I refer to this question - dask dataframe read parquet schema difference
But the metadata returned by Dask does not indicate any differences between the different dataframes. Here is my code, which parses the exception details to find mismatched dtypes. It finds none. There are up to 100 dataframes with 717 columns (each is ~100MB in size).
try:
df = dd.read_parquet(data_filenames, columns=list(cols_to_retrieve), engine='pyarrow')
except Exception as ex:
# Process the ex message to find the diff, this will break if dask change their error message
msgs = str(ex).split('\nvs\n')
cols1 = msgs[0].split('metadata')[0]
cols1 = cols1.split('was different. \n')[1]
cols2 = msgs[1].split('metadata')[0]
df1_err = pd.DataFrame([sub.split(":") for sub in cols1.splitlines()])
df1_err = df1_err.dropna()
df2_err = pd.DataFrame([sub.split(":") for sub in cols2.splitlines()])

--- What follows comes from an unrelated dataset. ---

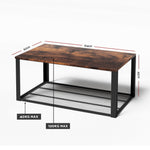 2-Tier Coffee Table Rustic Brown 104CM Modern Living Room Furniture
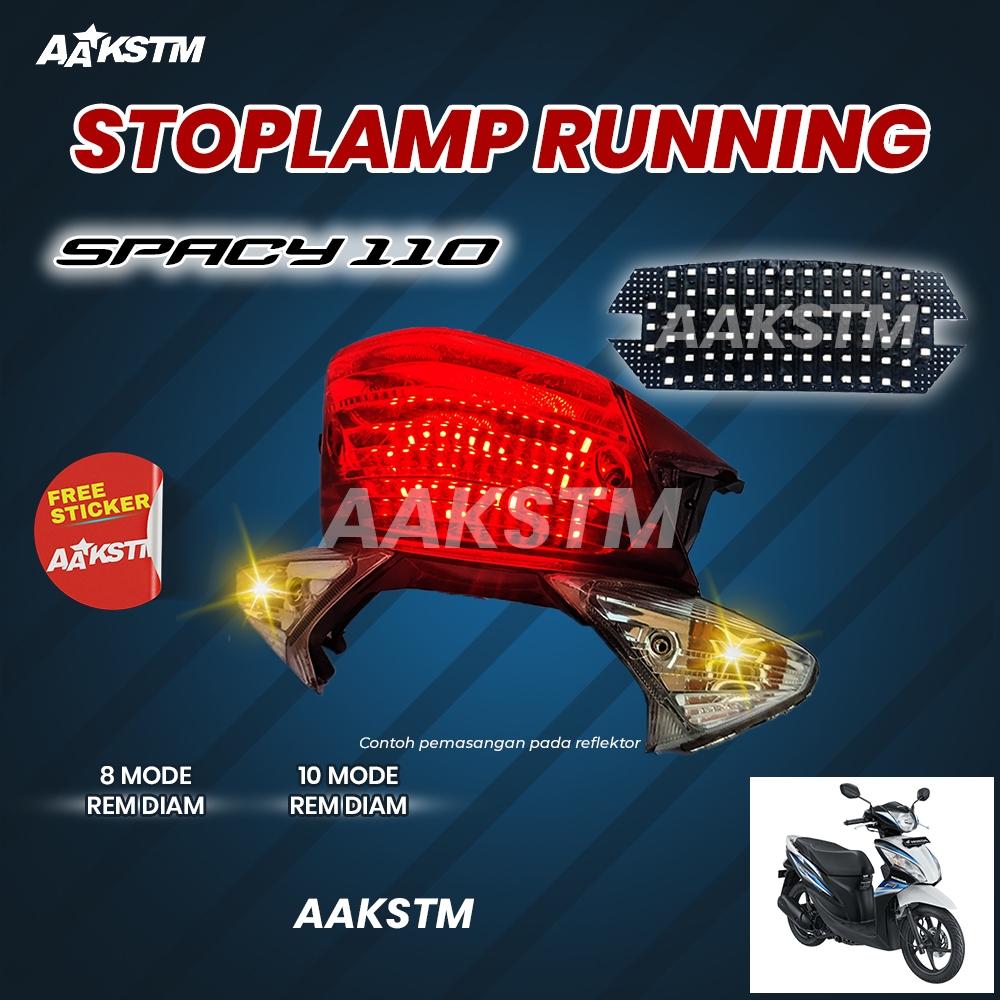 STOPLAMP RUNNING LED/STOPLAMP SPACY LAMPU REM LED 8 & 10 MODE VARIASI MOTOR AA KASTEM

df2_err = df2_err.dropna()
df_err = pd.concat([df1_err, df2_err]).drop_duplicates(keep=False)
raise Exception('Mismatch dataframes - ' + str(df_err))
The exception I get back is:
'Mismatch dataframes - Empty DataFrame Columns: [0, 1] Index: []'
This error does not occur with fastparquet, but it is so slow that it is unusable.

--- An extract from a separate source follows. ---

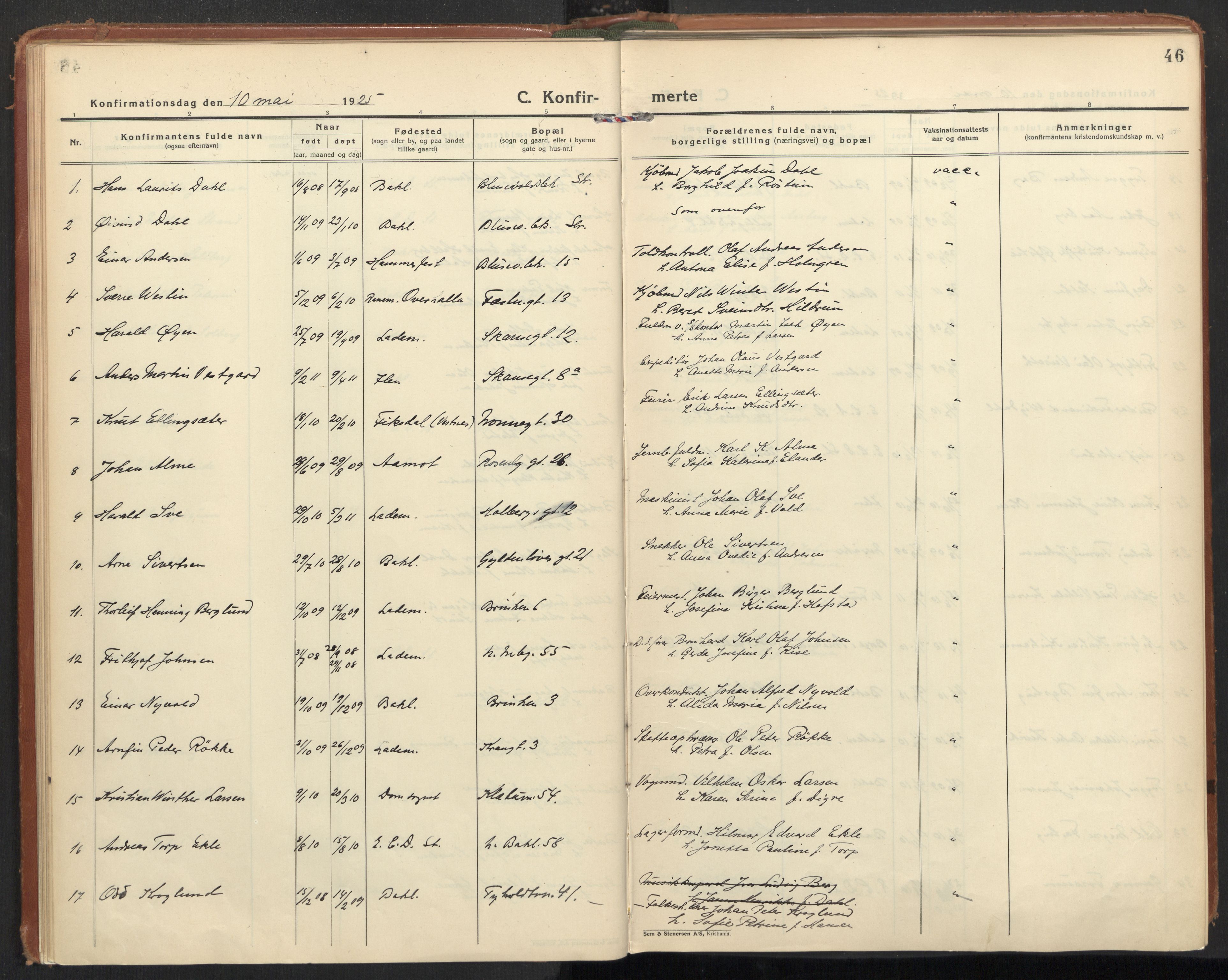 Ministerialprotokoller, klokkerbøker og fødselsregistre - Sør-Trøndelag, SAT/A-1456/604/L0208: Parish register (official) no. 604A28, 1923-1937, p. 46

I added this to the creation of the dataframes (using pandas to_parquet to save them) in an attempt to unify the dtypes by column
df_float = df.select_dtypes(include=['float16', 'float64'])

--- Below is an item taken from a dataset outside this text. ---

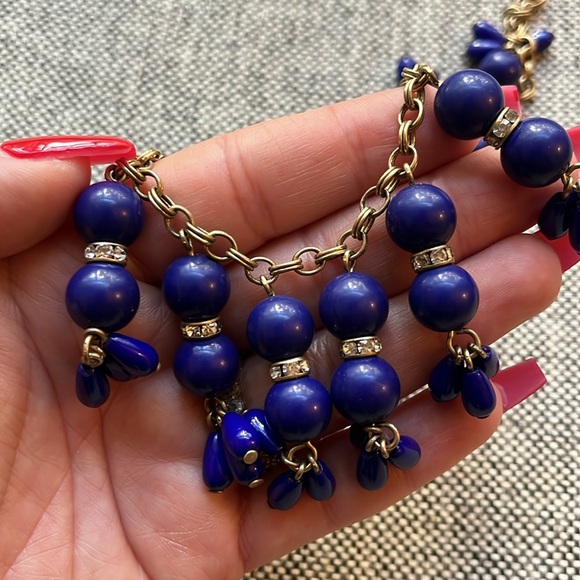 🔹 Vintage J. Crew Royal Blue, Gold and Rhinestone Statement Necklace 🔹 - Picture 13 of 17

df = df.drop(df_float.columns, axis=1)
for col in df_float.columns:
df_float[col] = df_float.loc[:,col].astype('float32')
df = pd.concat([df, df_float], axis=1)
df_int = df.select_dtypes(include=['int8', 'int16', 'int32'])
try:
for col in df_int.columns:
df_int[col] = df_int.loc[:, col].astype('int64')
df = df.drop(df_int.columns, axis=1)
df = pd.concat([df, df_int], axis=1)
except ValueError as ve:
print('Error with upcasting - ' + str(ve))
This appears to work according to my above exception. But I cannot find out how the dataframes differ as the exception thrown by dask read_parquet does not tell me? Ideas on how to determine what it finds as different?